Perusahaan e-commerce, PT Bukalapak.com dikabarkan memasang target penghimpunan dana lebih dari US$ 1 miliar atau setara Rp 14,58 triliun dari penerbitan saham baru alias initial public offering (IPO). Target tersebut, lebih tinggi 25% dari target dana yang diincar sebelumnya, sekitar US$ 800 juta atau Rp 11,2 triliun.
Kenaikan bidikan dana tersebut karena indikasi permintaan investor yang kuat untuk IPO unicorn teknologi pertama di Bursa Efek Indonesia. Target dana baru tersebut, seperti disampaikan oleh dua sumber yang mengetahui soal rencana ini kepada Reuters.
Bukalapak, yang menghitung investor GIC dan Microsoft di antara pendukungnya, akan menjadi IPO lokal terbesar dalam 13 tahun terakhir. Bahkan, IPO ini bisa menjadi yang terbesar oleh startup di negara Asia Tenggara.
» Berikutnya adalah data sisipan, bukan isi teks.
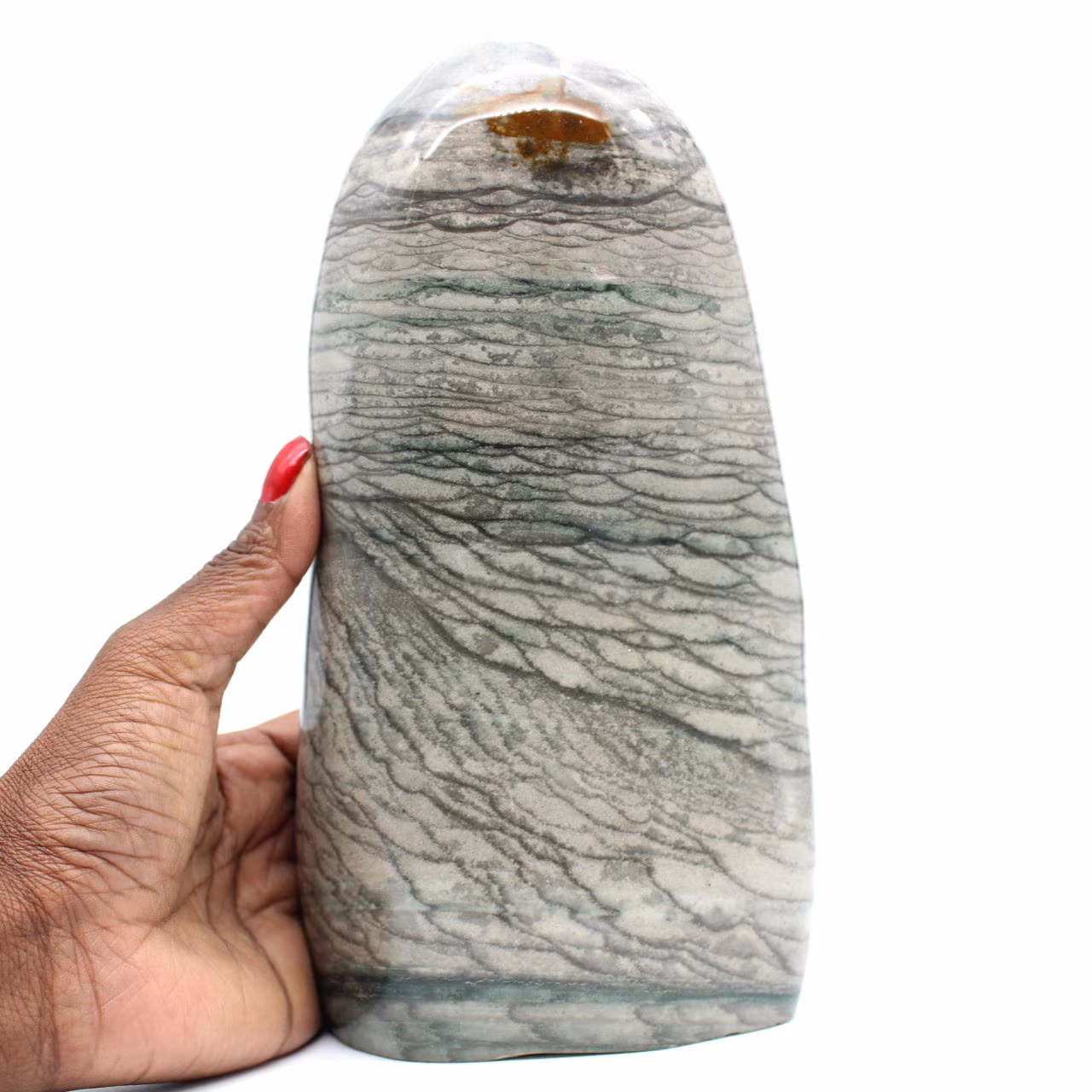 Pedra de Jasper com Fita Cinza Natural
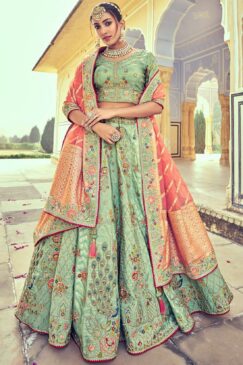 Mint Silk Lehenga Choli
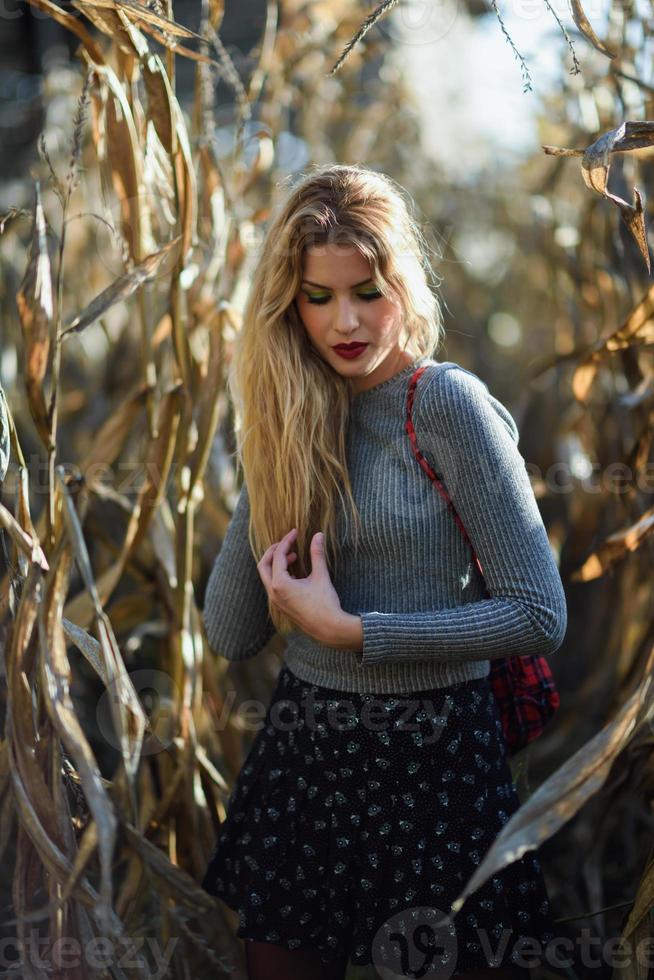 Blonde young woman in a cornfield wearing sweater and skirt photo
Target IPO yang diperluas menunjukkan, investor tertarik untuk mendapatkan penawaran sektor teknologi yang relatif langka di wilayah yang menawarkan kelas konsumen berkembang.
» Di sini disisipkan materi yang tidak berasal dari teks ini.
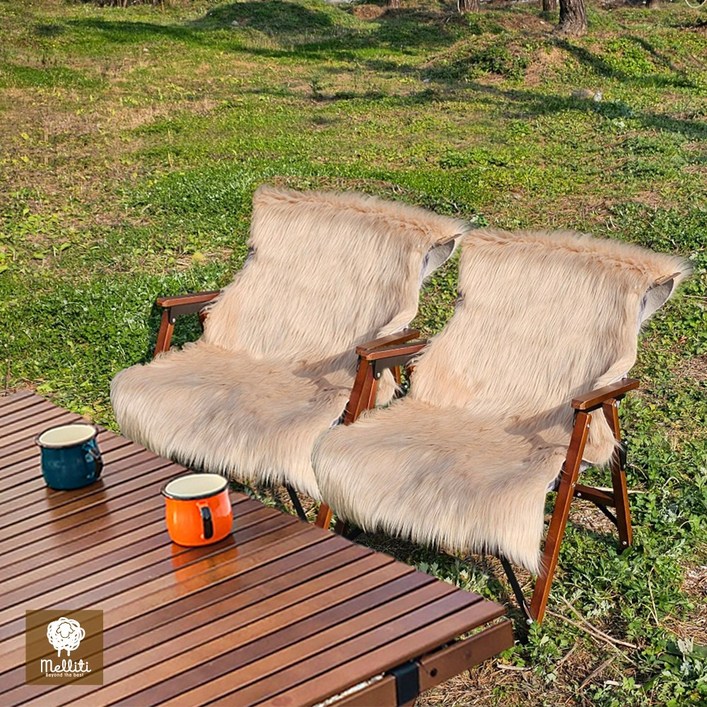 멜리띠 캠핑 체어커버 양모 체어워머, 라이트브라운, 1개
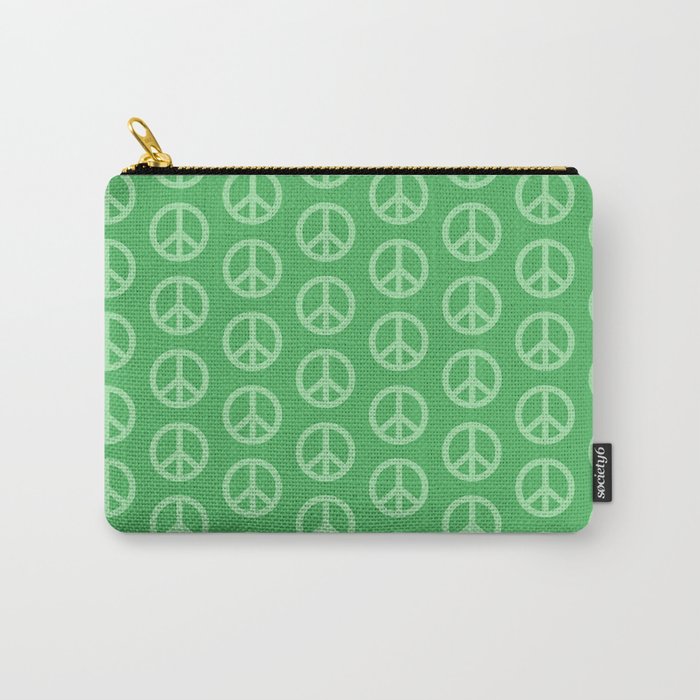 Peace Symbols - Green Carry All Pouch Gallery Image 1
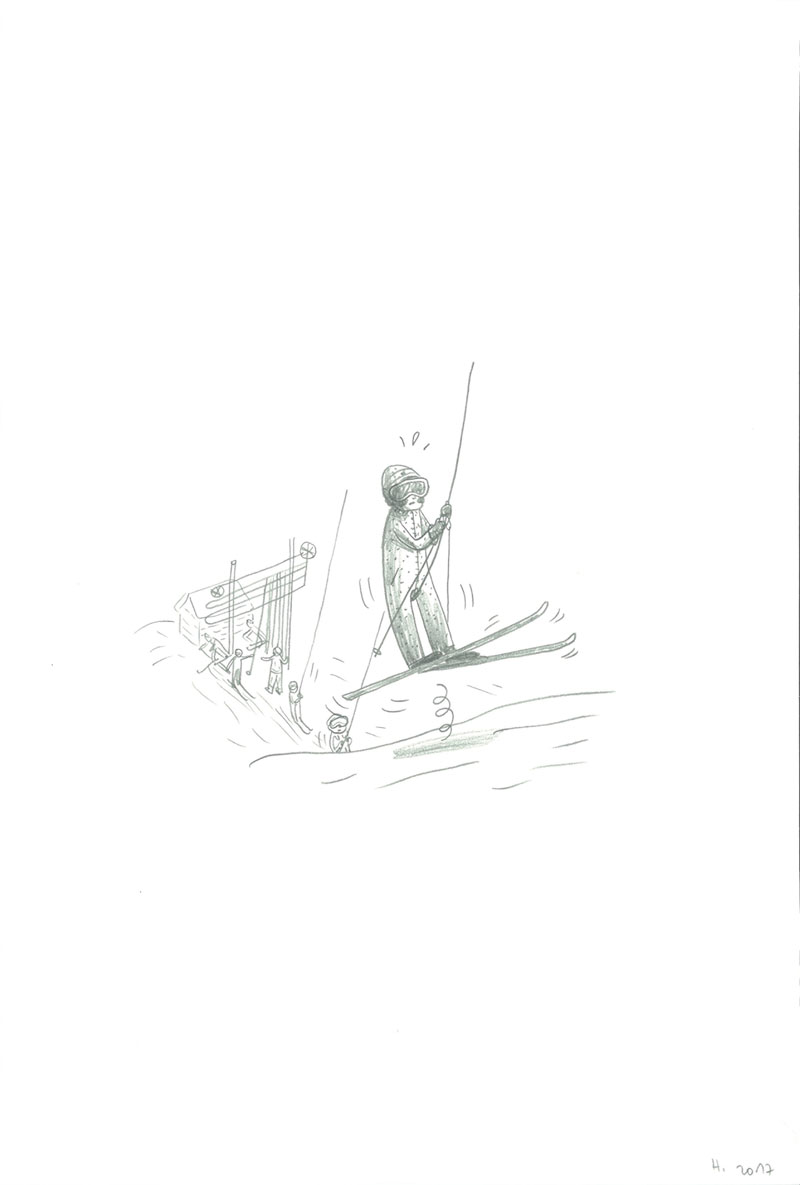 Ski, En assiette, Mine de plomb sur Lana Caligraphie, 24 × 16 cm, 2017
Sumber itu mengatakan, permintaan investor terhadap saham Bukalapak, terutama berasal dari dana lokal dan regional. Meski begitu, dikabarkan minat juga datang dari investor Amerika Serikat yang berfokus pada teknologi.
Nilai IPO jumbo tersebut, juga bisa memenuhi kebutuhan pendanaan Bukalapak akan modal. Pasalnya, Bukalapak tengah mengejar pertumbuhan yang cepat.
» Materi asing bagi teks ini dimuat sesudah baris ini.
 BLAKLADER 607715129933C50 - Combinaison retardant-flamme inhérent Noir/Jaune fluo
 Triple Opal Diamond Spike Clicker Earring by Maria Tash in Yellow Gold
Sumber Reuters yang tidak mau disebutkan namanya tersebut mengatakan, pembentukan buku untuk IPO Bukalapak dikabarkan akan dibuka minggu ini selama sekitar 10 hari dan akan diikuti oleh pencatatan pada Agustus.
Investment Information Head Mirae Asset Sekuritas Roger menilai IPO unicorn memang berpotensi memunculkan minat besar investor ritel melakukan investasi. Namun, untuk saat ini minat tersebut masih belum banyak.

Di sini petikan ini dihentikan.